Path: utzoo!attcan!uunet!snorkelwacker!usc!samsung!rex!uflorida!mephisto!udel!nelson
From: nelson@udel.EDU (Mark Nelson)
Newsgroups: comp.arch
Subject: Re: 64-bit addresses
Message-ID: <10795@snow-white.udel.EDU>
Date: 11 Feb 90 20:26:47 GMT
References: <9708@spool.cs.wisc.edu> <20270@cfctech.cfc.com> <11112@encore.Encore.COM>
Reply-To: nelson@udel.edu (Mark Nelson)
Organization: University of Delaware
Lines: 38

In article <11112@encore.Encore.COM> jkenton@pinocchio.UUCP (Jeff Kenton) writes:
>In article <9708@spool.cs.wisc.edu> shekita@provolone.cs.wisc.edu (E Shekita) writes:
>>Could any of you hardware designers in the trenches out there 
>>tell me whether 64-bit addresses will become reality anytime soon.
>>If so, how soon.

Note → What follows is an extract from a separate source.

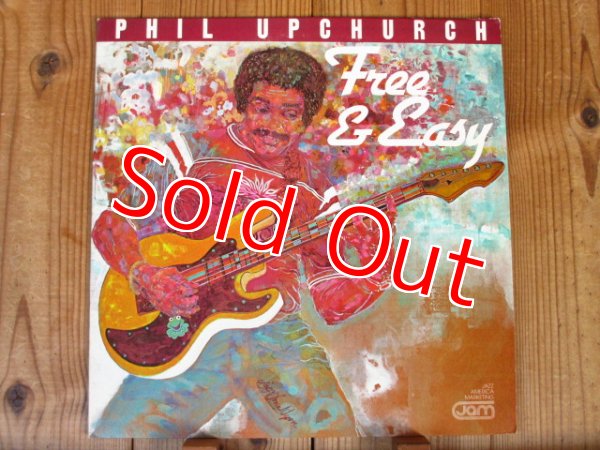 画像1: Phil Upchurch / Free & Easy (1)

If not, why... And how about in the distant future, say,
>>10 years, which is virtually an eternity in hardware design.
>>
>
>Here's a guess from the land of software, related to a discussion I had
>yesterday with a friend (thanks Carl):
>
>	o  When the change comes, it will be to 64 bits -- not 40, 48 or 60.
>
I would personally prefer a 64 bit word size with either straight
48 bit addresses or else 64 bit addresses with the top 16 bits used
as a segment number.  Why?  Because it is very hard to fit
64 bits of address into a 64 bit instruction and still have room
for e.g. the opcode.  I'm a real proponent of fixed size instructions,
and I don't think two instructions should be required just to load
an address.

Actually, I'll go further and say I'm not sure that a 64 bit machine
really needs to fully support 64 bit integers.  There should definitely
be 64 bit add/subtract, boolean, shifts, and anything else which scales
linearly with word size, but I think the largest integer multiply
supported need only be 48x48 -> 96, with the corresponding divide
96/48 -> 48,48.  A 48 bit multiplier is huge, let alone a 64 bit,
and this would let the floating point multiplier handle integer
multiplies (assuming a 16 bit exponent 48 bit fraction floating
point representation).

Does anyone have an application which frequently multiplies 49-64
bit integers?  I'm not talking about indefinite precision arithmetic,
but about numbers of exactly that many bits.  Please let me know.

Of course, I'm not an electrical engineer, and I'm sure that device
densities will probably get to the point where nobody worries about
space for an extra 64x64 multiplier.